━━ RECORDS PROVIDED ━━

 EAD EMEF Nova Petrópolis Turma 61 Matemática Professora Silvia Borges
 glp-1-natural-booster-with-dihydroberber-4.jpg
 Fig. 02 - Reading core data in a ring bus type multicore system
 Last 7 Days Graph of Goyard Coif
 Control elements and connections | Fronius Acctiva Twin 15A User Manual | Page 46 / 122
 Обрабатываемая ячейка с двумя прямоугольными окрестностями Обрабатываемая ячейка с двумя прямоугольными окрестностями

━━━

TASK GOAL
The answer must be exactly the lines from the one containing "glp-1-natural-booster-with-dihydroberber-4.jpg" through the final line of the data, both ends included, and nothing else.

FINAL ANSWER
 glp-1-natural-booster-with-dihydroberber-4.jpg
 Fig. 02 - Reading core data in a ring bus type multicore system
 Last 7 Days Graph of Goyard Coif
 Control elements and connections | Fronius Acctiva Twin 15A User Manual | Page 46 / 122
 Обрабатываемая ячейка с двумя прямоугольными окрестностями Обрабатываемая ячейка с двумя прямоугольными окрестностями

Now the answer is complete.